La guitarra que trasciende
Repertorio: Antonio Vivaldi, Sonata RV. 46; Juan Sebastián Bach, Pastoral, Aria; François Couperin, Les silvains, Les barricades misterieuses, Les tours de passe passe; Francisco Tárrega, Paquito, Sueño, Las dos hermanitas, Alborada; Dionisio Aguado, Adagio et Polonaise; Steve Goss, El llanto de los sueños; Isaac Albéniz, Zambra granadina, Torre Bermeja. Fecha: martes 7 de julio. Lugar: Sala Orive. Lleno.
Comenzar un recital de guitarra con seis obras originalmente escritas para violonchelo y bajo continuo (la sonata de Vivaldi), órgano (la pastoral de Bach), orquesta de cuerda (el aria) o clavecín (las tres piezas de Couperin) y abordar dichas transcripciones partiendo directamente de las fuentes e intentando una fidelidad máxima a la música, dice mucho de la personalidad musical de David Russell (1953).
Ya desde la sonata de Vivaldi (la única pieza del recital que, si bien magníficamente tocada, no llegó al cum laude que merecieron todas y cada una de las demás) se mostraba esa característica de las transcripciones del escocés: nada de simplificaciones idiomáticas, nada de caminos fáciles: que toda la música entre en las seis cuerdas de la guitarra. Por eso, sus versiones de las encantadoras piezas de Couperin (uno de los momentos cumbre de la noche) no parten de las varias transcripciones antiguas y modernas para cuerda pulsada, sino de los originales para clave; y están realizadas desde esa filosofía apuntada más arriba: primero la música y después la música. Y David Russell no suele transcribir obras fáciles. Si repasamos su discografía, encontramos desde versiones de piezas para flauta sola (la célebre Partita de Bach) hasta orquestales, como el Aria de la Suite n. 3, obra inmortal de Bach que arrancó el martes uno de los aplausos más largos de la noche.
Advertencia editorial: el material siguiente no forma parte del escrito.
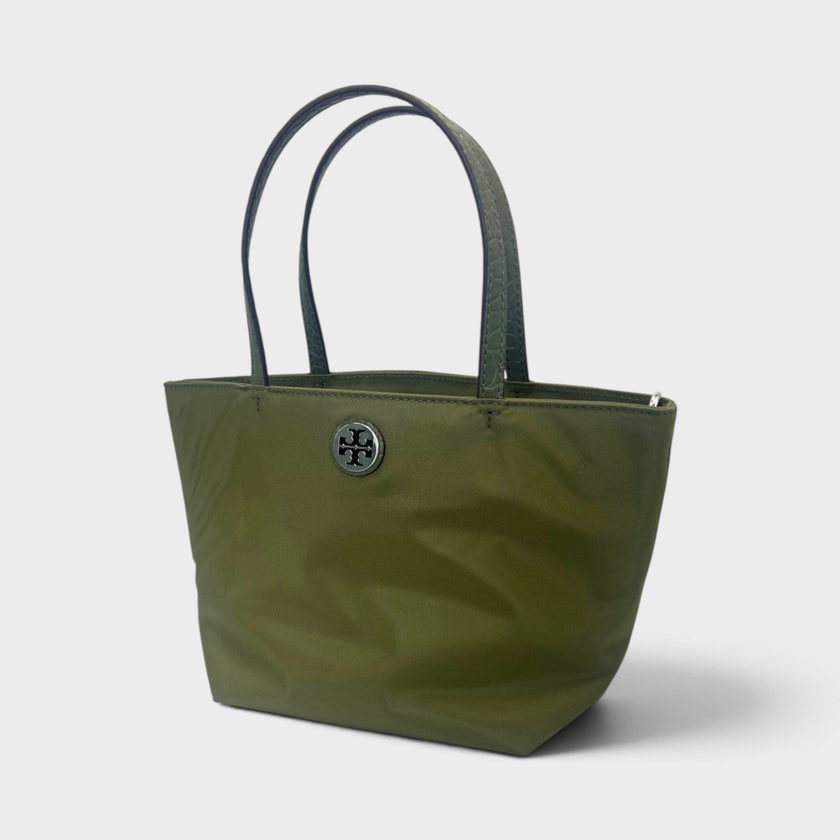 Nylon Mixed Materials Mini Tote Bag Green Khaki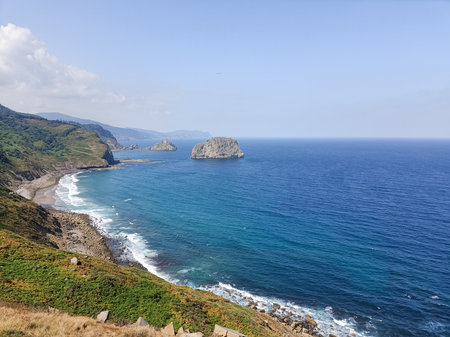 Biscay province coastline summer view, Spain. Spanish sea landscape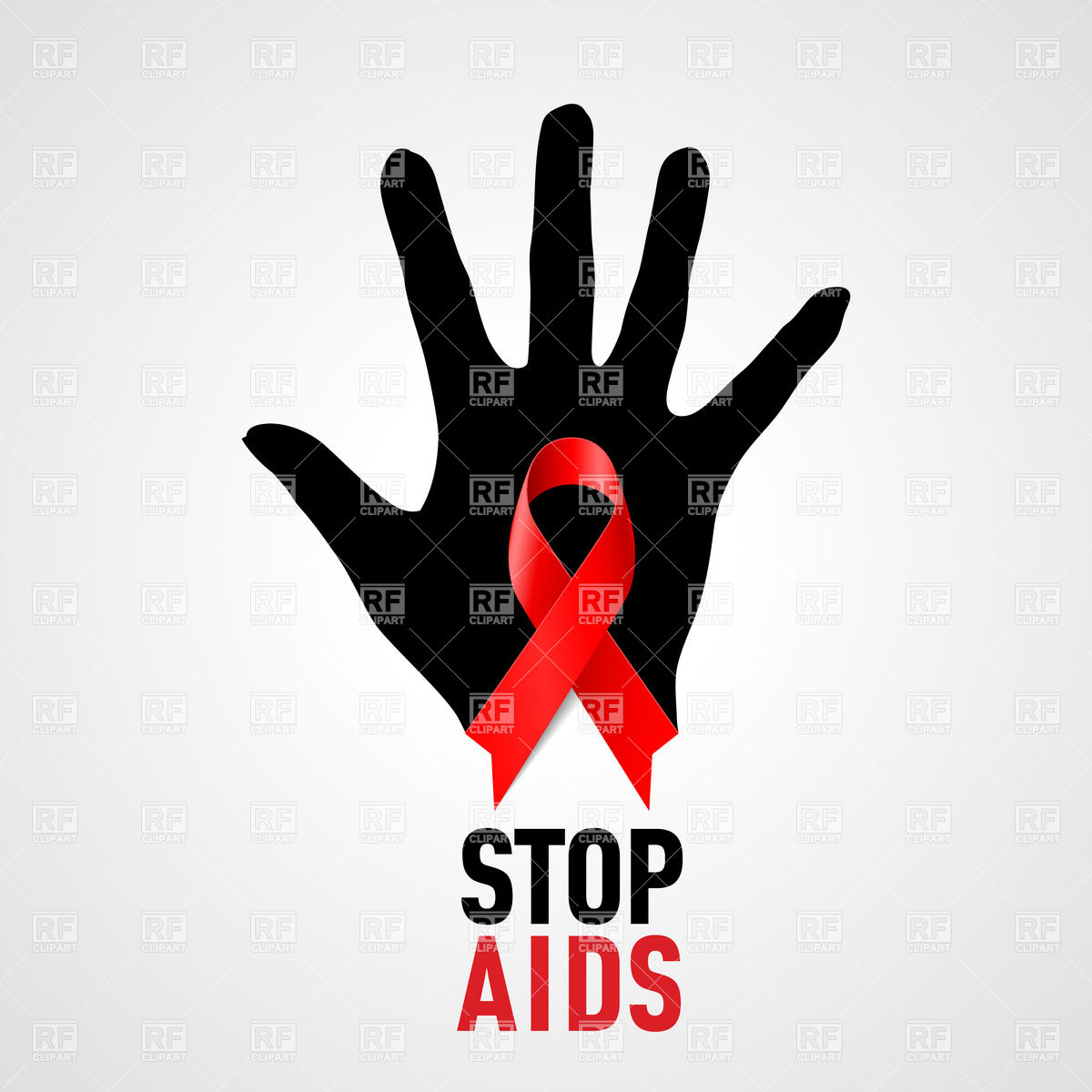 1200x1200 Stop Aids Sign Black Hand And Red Ribbon Vector Image Vector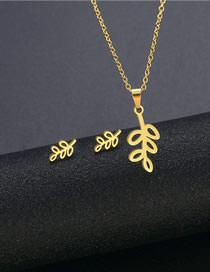 Fashion Gold Stainless Steel Leaf Stud Necklace Set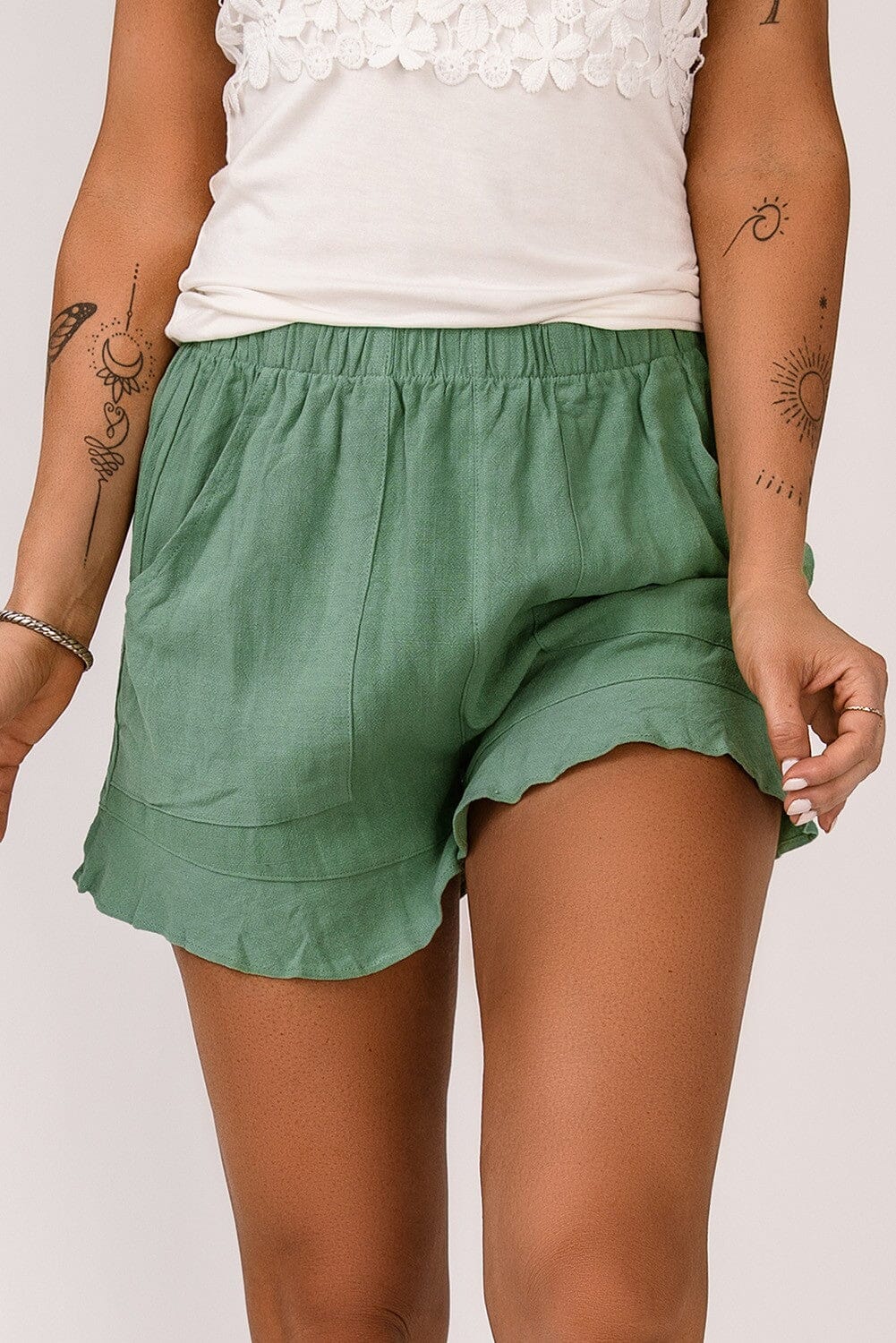 High Waist Pocketed Ruffle Shorts Kentce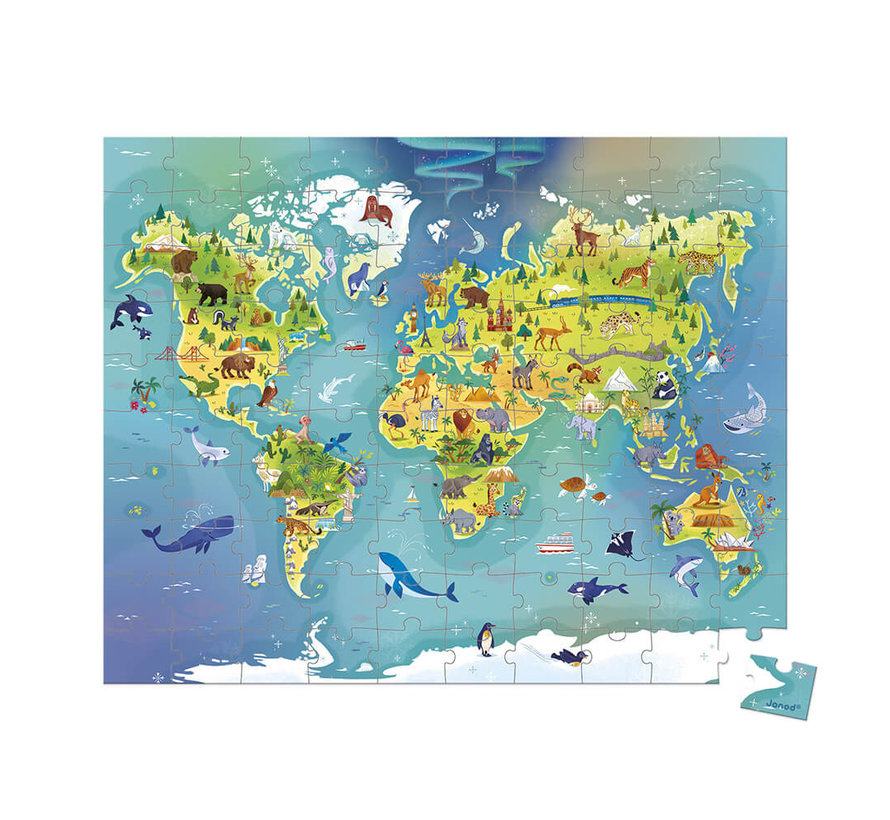 Puzzel De wereld in Opbergkoffer 100pcs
Imagino que esta originalidad en el repertorio fue sentida como una agradable bocanada de aire fresco por los muchos músicos de guitarra que formaban el auditorio. Y aseguro que fue un regalo para el público no guitarrista. Pero había más; al menos, dos regalos más.
La guitarra es un instrumento con una personalidad enorme y su técnica parece generar toda una serie de clichés estilísticos que han ido retroalimentándose y dando lugar a una forma de tocar e incluso de escribir para ella. No es éste el sitio de discutir esos clichés, ese conjunto de cualidades y defectos muy marcados que solemos llamar personalidad. Lo que quiero destacar es que la técnica que exhibe Russell y el estilo que se asienta en ella parecen trascender el mundo de la guitarra, parecen provenir incluso de otros referentes: sus trémolos son y no son los trémolos habituales, su forma de insertar los armónicos con asombrosa naturalidad (sin ese "atención, que llegan los armónicos"), su fraseo al margen del mástil, sus trinos… son únicos. También los colores sutiles de los timbres, si bien éstos se vieron algo perjudicados por la desacertada idea de amplificar el instrumento. Con esta técnica generadora de estilo, también los autores más habituales en los conciertos de guitarra (Tárrega, Aguado…) sonaron de una manera absolutamente nueva.
Junto a las sorpresas del repertorio y el estilo interpretativo, brilló, como tercera cualidad del recital, el eficaz sentido del espectáculo que tiene Russell. También este aspecto nos ayudó a casi olvidar las incómodas sillas de la Sala Orive (otra cosa que habría que mejorar) y a sentir que vivíamos una velada inolvidable. El dominio de la escena se manifestó no sólo en la elección de las tres acertadas propinas, sino también en los bien dosificados comentarios, que incluyeron la lectura del poema de Lorca que sirve de inspiración a la obra más moderna del recital: El llanto de los sueños de Steve Goss (1964). "Negro/ aljibe de madera" escribe el poeta en ese poema lleno de llantos, suspiros y sollozos. Alto al tópico. El aljibe, ahora lo sé, puede también llenarse de luces y colores.